Now what's driving me mad is that my ex is completely moved on. I'm from a foreign nation so I don't know anybody here, but she's from a town two hours away and so she's got all her friends and she's constantly out and about, at clubs, at cinema's and so on. What's hurt the most however is that I found out about three days after we broke up she slept with a girl as a rebound and now she's dating another girl.

What makes it bad is that she always said that she believed that she would have a little bit that loved me and I disagreed at the time. Turns out that I was correct as she says she hates me as a person and that nobody likes me. In fact she didn't love me at all, she just fooled herself into believing it. Even worse she says she's told other people about the rape and is fine with it and that she faked every orgasm other the past month or two. I feel so hurt I was so angry at the guy who done it and wanted her to get help but now she's fine with it. Just so much pain for nothing for me.

It hurts to find out that all she said was BS and even worse that she's actually said she never thought she could be so happy and that I made her the unhappiest ever.
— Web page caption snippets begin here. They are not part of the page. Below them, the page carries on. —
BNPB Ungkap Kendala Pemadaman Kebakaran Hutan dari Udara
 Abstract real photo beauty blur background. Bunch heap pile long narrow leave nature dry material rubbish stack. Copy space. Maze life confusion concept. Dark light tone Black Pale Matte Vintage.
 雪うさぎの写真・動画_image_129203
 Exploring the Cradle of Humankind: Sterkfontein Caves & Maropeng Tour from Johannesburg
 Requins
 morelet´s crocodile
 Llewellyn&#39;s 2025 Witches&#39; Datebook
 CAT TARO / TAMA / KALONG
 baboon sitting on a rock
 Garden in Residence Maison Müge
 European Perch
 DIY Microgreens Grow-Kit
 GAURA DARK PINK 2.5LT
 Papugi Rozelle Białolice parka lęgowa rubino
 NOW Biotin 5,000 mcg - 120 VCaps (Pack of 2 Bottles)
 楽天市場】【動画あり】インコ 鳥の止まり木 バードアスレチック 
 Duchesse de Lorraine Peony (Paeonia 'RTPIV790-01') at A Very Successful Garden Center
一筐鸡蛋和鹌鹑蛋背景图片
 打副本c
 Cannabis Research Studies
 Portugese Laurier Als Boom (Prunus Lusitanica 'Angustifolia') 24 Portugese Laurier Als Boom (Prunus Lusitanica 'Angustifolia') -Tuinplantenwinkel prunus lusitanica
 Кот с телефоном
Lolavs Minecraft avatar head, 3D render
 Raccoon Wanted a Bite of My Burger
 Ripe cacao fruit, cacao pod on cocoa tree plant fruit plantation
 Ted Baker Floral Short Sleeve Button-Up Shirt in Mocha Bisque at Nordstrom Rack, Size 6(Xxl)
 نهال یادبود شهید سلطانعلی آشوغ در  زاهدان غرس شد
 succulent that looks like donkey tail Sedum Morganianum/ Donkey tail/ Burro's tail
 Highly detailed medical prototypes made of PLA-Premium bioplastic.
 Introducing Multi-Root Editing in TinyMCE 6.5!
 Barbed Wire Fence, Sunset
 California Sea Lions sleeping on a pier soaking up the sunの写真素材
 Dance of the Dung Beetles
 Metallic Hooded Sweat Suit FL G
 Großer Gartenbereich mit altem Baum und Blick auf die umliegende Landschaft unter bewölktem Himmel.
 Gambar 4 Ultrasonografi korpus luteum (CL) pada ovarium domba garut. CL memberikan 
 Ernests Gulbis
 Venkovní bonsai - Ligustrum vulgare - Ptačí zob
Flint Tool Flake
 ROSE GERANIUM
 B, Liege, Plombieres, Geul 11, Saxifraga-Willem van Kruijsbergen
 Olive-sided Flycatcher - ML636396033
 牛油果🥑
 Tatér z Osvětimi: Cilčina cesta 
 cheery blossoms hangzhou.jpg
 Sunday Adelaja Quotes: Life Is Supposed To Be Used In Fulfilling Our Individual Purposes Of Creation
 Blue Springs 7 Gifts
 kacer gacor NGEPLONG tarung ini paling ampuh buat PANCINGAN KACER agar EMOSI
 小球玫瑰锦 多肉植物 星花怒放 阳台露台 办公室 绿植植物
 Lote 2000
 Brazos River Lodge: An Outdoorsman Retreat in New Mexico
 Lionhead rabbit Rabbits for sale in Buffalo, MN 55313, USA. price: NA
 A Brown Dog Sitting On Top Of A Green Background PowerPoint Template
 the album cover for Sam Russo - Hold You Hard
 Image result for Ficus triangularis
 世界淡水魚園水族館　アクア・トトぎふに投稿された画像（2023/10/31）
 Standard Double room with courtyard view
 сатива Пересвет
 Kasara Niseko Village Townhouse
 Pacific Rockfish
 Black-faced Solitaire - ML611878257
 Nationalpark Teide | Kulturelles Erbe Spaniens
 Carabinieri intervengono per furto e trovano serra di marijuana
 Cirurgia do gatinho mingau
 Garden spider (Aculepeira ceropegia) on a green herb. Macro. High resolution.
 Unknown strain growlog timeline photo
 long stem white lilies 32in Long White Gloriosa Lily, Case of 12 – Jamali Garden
I done something stupid after we spent all night talking about how we felt and she told me all the things about how she hates me and I'm evil and nobody likes me. In fact it was me was the reason the guys refused to move in with us despite prior agreeing. At the end it all calmed down and for some insane reason I thought I would give her a peck on the lips. She just went off ASAP and I felt like an idiot.

The weird thing is that I feel freer than I've ever been for a long time and I'm honestly not attracted to her in anyway, I have no idea what I was thinking. I guess that several drinks and staying up to eight in the morning might have had something to do with it.

I just write here to seek advice; I feel I'm fat, stupid and ugly and that nobody will love me again. People look at me like I'm a freak. I honestly just want to cry with frustration because she made me a man I never wanted to be for so long and haven't been for a long time. She's just completely moved on easily in three weeks despite saying that she said never would and would be sad and furthermore all the problems that she cried and self-harmed about are now solved. Apparently I was the reason she was sad about the rape and I caused her and everybody else nothing but unhappiness.

Does anybody have any advice of how I could get over this frustration? I don't want her back and I think that I just miss having a GF not her. To be honest I feel mad with jealously that she could get over it in a matter of days, bounce back and honestly not give a **** despite telling me that she would in the past and making such a big deal out of it and changing my view to that of hers e.g. you always love somebody yet when it came down to it, she didn't feel that way at all. You may not want to be with them like I don't but you still care a bit.

I know I've made stupid mistakes in dealing with this and I feel like hitting myself over how dumb I've been. I just feel so desolate. I always said I wanted to get out with her and visit places and do things but she never wanted to do them yet now she blames me for holding her back. If I had ever showed any signs I would understand but I literally said she should get friends, go out and have a hell of a time, not always with me. I feel I wasted a year of my life for nothing, having my heart and soul demanded of me for everything and now she's moved on completely. I do feel free but it just hurts to see her so at ease with the whole thing when compared with the melodrama that ensued before.

I have started making steps. I go to the gym again (I've lost three pounds) and I have started going back out with some guys. But it still drives me and I don't want to feel this at all.

Any words for me. How can I meet new people around my age who aren't at my Uni considering there is really no options?